I have sequence data in the form of a matrix as follows.
matrix=
[
[78 65 78 ... 84 65 65]
[78 71 78 ... 71 71 71]
[78 67 78 ... 84 65 84]
...
[65 65 65 ... 65 65 71]
[67 67 71 ... 84 65 65]
[65 71 65 ... 65 65 84]
]
The shape of this matrix is (105772, 151). My goal is to cluster them into two clusters using http://biopython.org/DIST/docs/tutorial/Tutorial.html#htoc230 library. In order to create clusters, I must need some sort of similarity method to determine the similarity between various reads in my data. Biopython provides a method to compute the distance between various reads with the following method of Euclidean distance.
distances = distancematrix(matrix, dist='e')
Here "e" represents the Euclidean distance. For my data of the shape (105772, 151), it took me around 18 minutes to compute the distances.

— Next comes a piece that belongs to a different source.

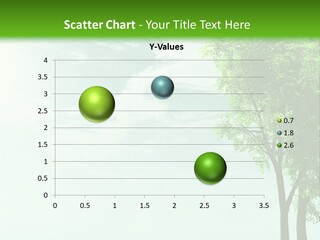 A Green Field With A Tree In The Middle Of It PowerPoint Template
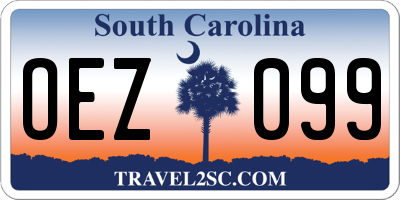 SC license plate OEZ099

After that, I tried to create clusters using kmeans with the following python code.
clusterid, error, nfound = kcluster(matrix, dist='e')
it took me less than a minute top run the above command.
I am wondering that why kcluster command from bio.python takes so less time whereas the distance computation takes more time? As in order to create clusters, we must first create the distance matrix on the basis of which we do all other calculations. So in a way, kcluster includes computation of distances by default?
Or may be, my understanding about kcluster and distances from bio-python is wrong?